This is related to this question. Consider the sequence of functions $(f_n)_{n\geq 2}$ defined on $[1,\infty)$ by $$f_n(t)=\ln(t)-t+n.$$ Those functions are decreasing on $[1,\infty)$ with $f_n(1)=n-1$ and $\lim_{t\to \infty}f_n(t)=-\infty$. So by intermediate value theorem, there exists a sequence of zeroes located in $[1,\infty)$, that is, $t_n>1$ and $f_n (t_n)=0$ for all $n\geq2$.
I am interested in the asymptotic behavior of the sequence $(t_n)_n$, specially finding an equivalent of this sequence at infinity.
Here's what I tried: $\ln(t_n)-t_n+n=0$ and $t_n>1$ is equivalent to $$t_n=e^{t_n-n}>1$$ which implies that $t_n>n$, so already the sequence diverges to infinity. Now again $$t_n=e^{t_n-n}>n$$ which implies that $$t_n>n+\ln(n)$$ repeating this argument we can find that $$t_n>n+\ln(n+\ln(n+\ln(n+\dots)))$$ I don't know if this path leads to something. I still feel I need an upper bound to find an equivalent.
The solutions to the equation
$$ \ln t - t + n = 0 $$
are given by
$$ t = -W(-e^{-n}), $$
where $W$ is any branch of the Lambert W function. For $n \geq 1$ exactly two of these branches are real, namely
$$ t_{-1} = -W_{-1}(-e^{-n}) \qquad \text{and} \qquad t_0 = -W_0(-e^{-n}). $$
Further, $t_{-1} \geq 1$ and $t_0 \leq 1$, so the solution you're interested in is $t_{-1}$.
If we define
$$ \begin{align} &L_1(x) = \ln(-x), \\ &L_2(x) = \ln(-\ln(-x)), \end{align} $$
then the $-1$ branch of the $W$ function has a convergent (for $x < 0$ small enough) series expansion in powers of $L_1$ and $L_2$ given by
$$ W_{-1}(x) = L_1(x) - L_2(x) + \sum_{\ell = 0}^{\infty} \sum_{m=1}^{\infty} \frac{(-1)^\ell \begin{bmatrix} \ell + m \\ \ell + 1 \end{bmatrix}}{m!} L_1(x)^{-\ell-m} L_2(x)^m, $$
where $\begin{bmatrix}p \\ q\end{bmatrix}$ is a Stirling cycle number.

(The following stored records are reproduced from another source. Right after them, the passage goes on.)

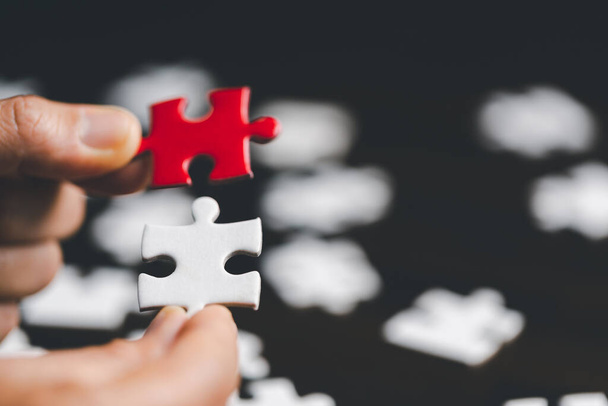 Business woman person hand holding puzzle piece idea for strategy and solution. Closeup part of two jigsaw connect together. Concept of join cooperation success teamwork-problem corporate team - 写真・画像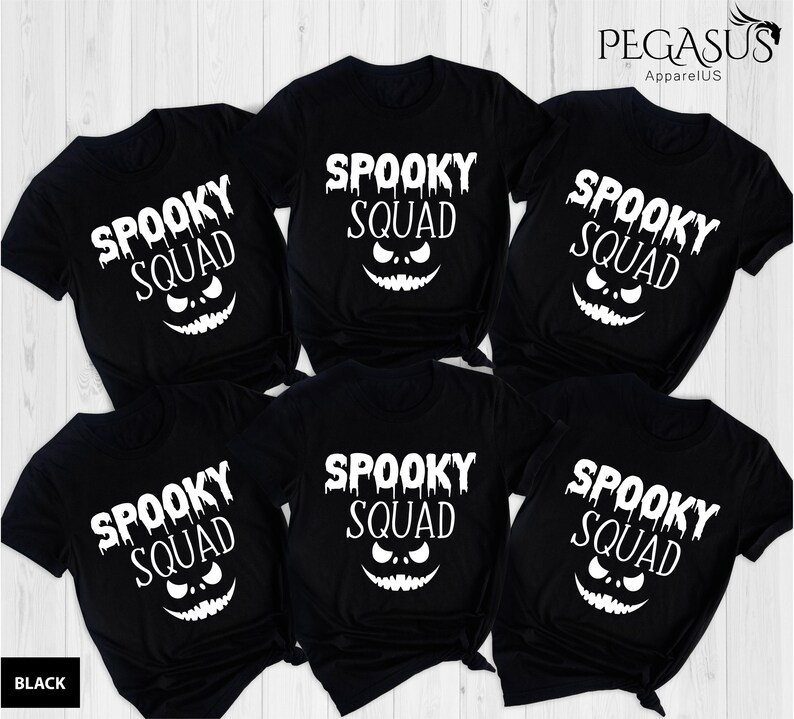 May include: Black t-shirts with the text "SPOOKY SQUAD" in white, featuring a jack-o'-lantern face. The shirts are short-sleeved and suitable for Halloween. The brand name "PEGASUS ApparelUS" is visible in the top right corner.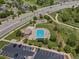 Aerial view of a community pool, playground, parking lot, and surrounding neighborhood at 7131 S Wenatchee Way # C, Aurora, CO 80016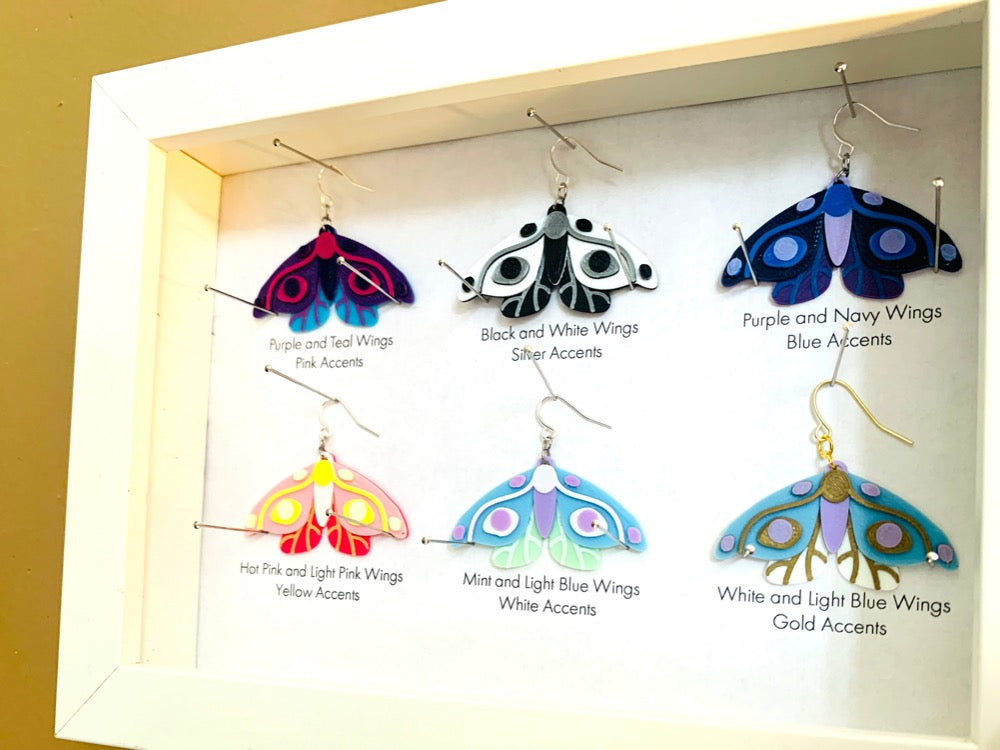 Shown in a white shadow box are six different colors of R+D 3D printed moth earrings. They are each held in place with pins like a shadow box in a natural history museum. The six colors are labeled: Purple and Teal Wings, Pink Accents; Black and White Wings, Silver Accents; Purple and Navy Wings, Blue Accents; Hot Pink and Light Pink Wings, Yellow Accents; Mint and Light Blue Wings, White Accents; and White and Light Blue Wings, Gold Accents.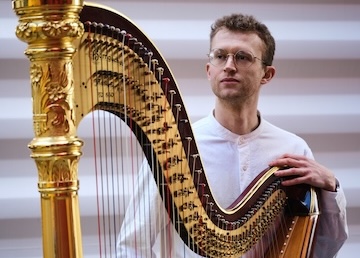 Oliver Wass with harp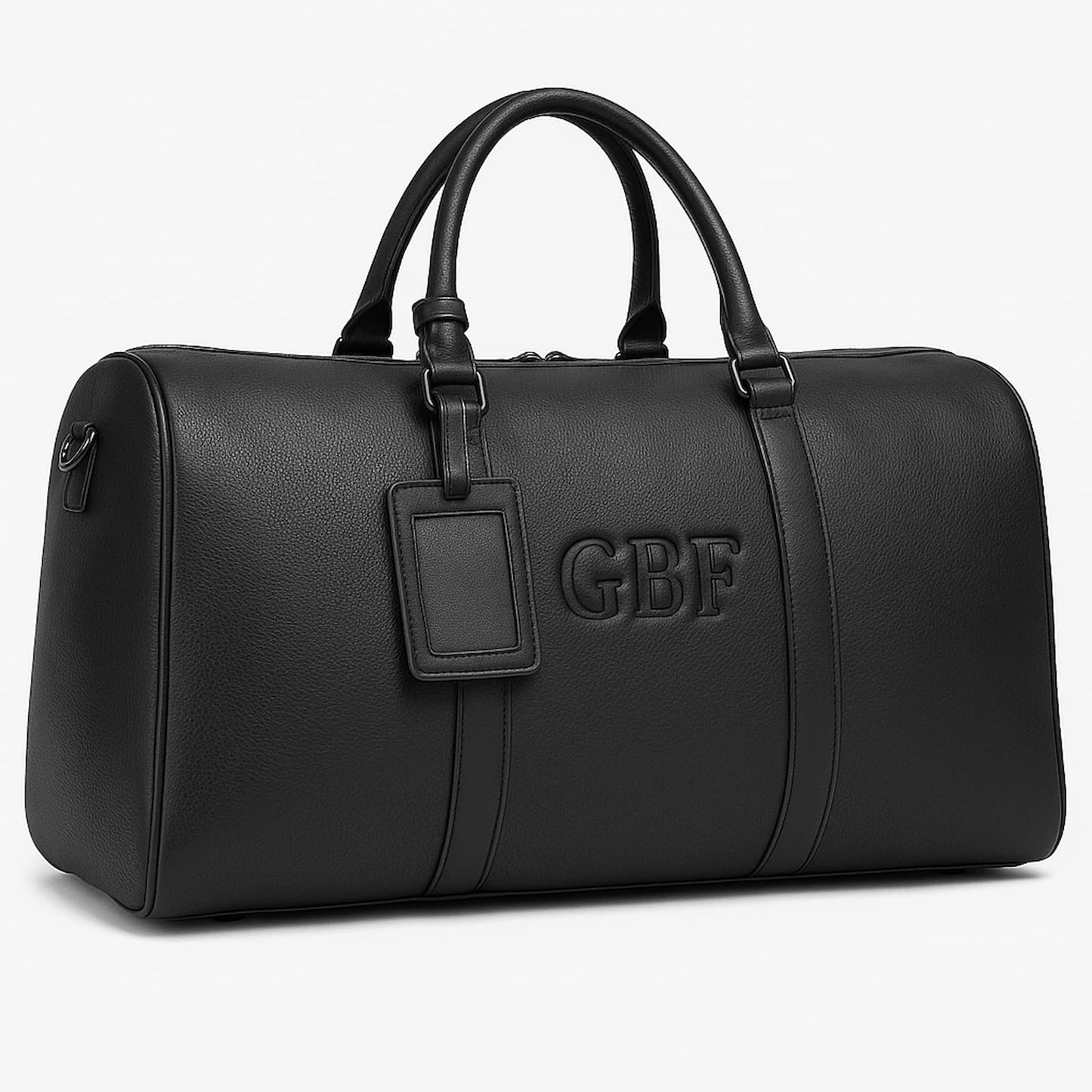 Close-up of the custom embossed monogram on a large black leather travel or gym bag.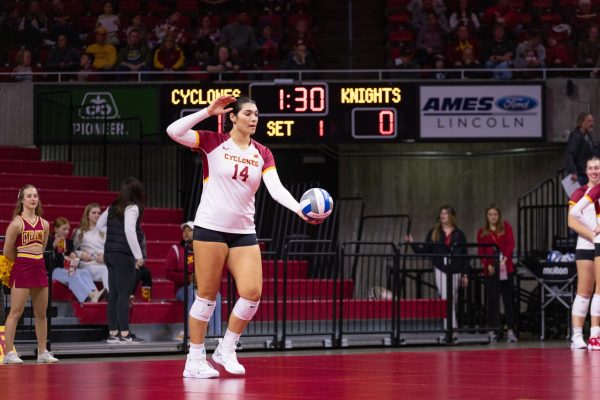 Nayeli Gonzalez prepares to serve the ball during the Iowa State vs. University of Central Florida Volleyball Game, Hilton Coliseum, Nov. 22, 2023.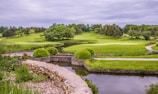 A lush golf course landscape featuring vibrant green grass, manicured lawns, and a variety of trees. A small pond is in the foreground bordered by a stone wall, and there are flowering plants adding color to the scene as well. The overcast sky provides a soft, diffused light over the entire area.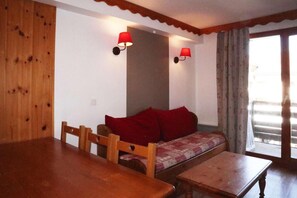 A cozy room with a wooden dining table, a sofa with red cushions, and two wall-mounted lamps.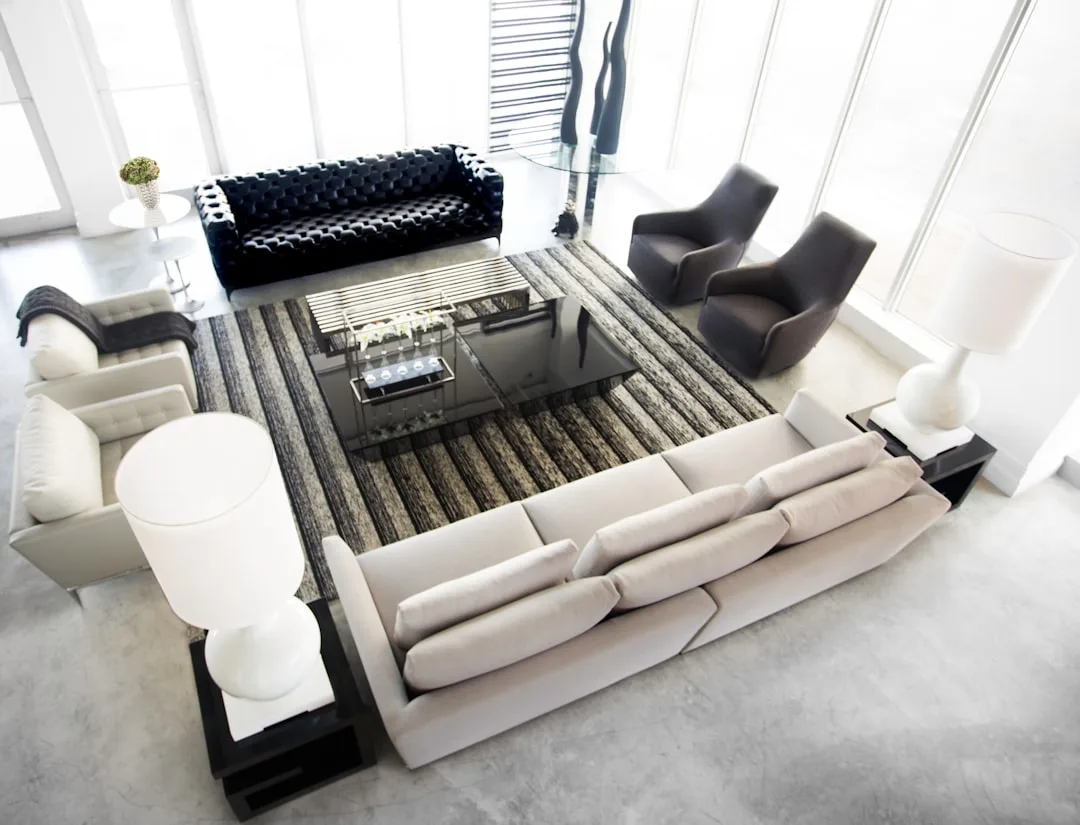 Oversized white sofa paired with slim black tufted two-seater in modern monochrome living room with scale contrast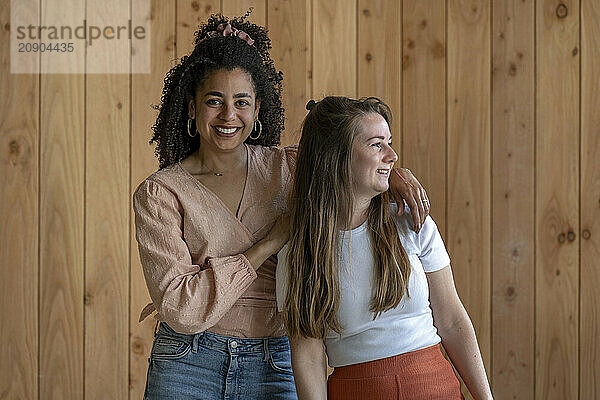 Two smiling women standing close together against a wooden wall background  looking to their right.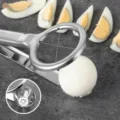 Macro detail view of a 304 stainless steel boiled egg slicer with integrated cutting wires. - Long Handle Egg Slicer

Since $L_1(-e^{-n}) = -n$ and $L_2(-e^{-n}) = \ln n$, we get
$$ t_{-1} = n + \ln n - \sum_{\ell = 0}^{\infty} \sum_{m=1}^{\infty} \frac{(-1)^m \begin{bmatrix} \ell + m \\ \ell + 1 \end{bmatrix}}{m!} n^{-\ell-m} (\ln n)^m. $$
This series can serve as an asymptotic expansion as $n \to \infty$, and the first few largest terms are
$$ t_{-1} = n + \ln n + \frac{\ln n}{n} - \frac{(\ln n - 2)\ln n}{2n^2} + O\!\left(\left(\frac{\ln n}{n}\right)^3\right). $$
When $n = 10$ these terms give an approximate value of $t_{-1} \approx 12.52936$, whereas the true value is $t_{-1} \doteq 12.52796$.
A great reference is On the Lambert W Function by Corless et. al. [PDF Link].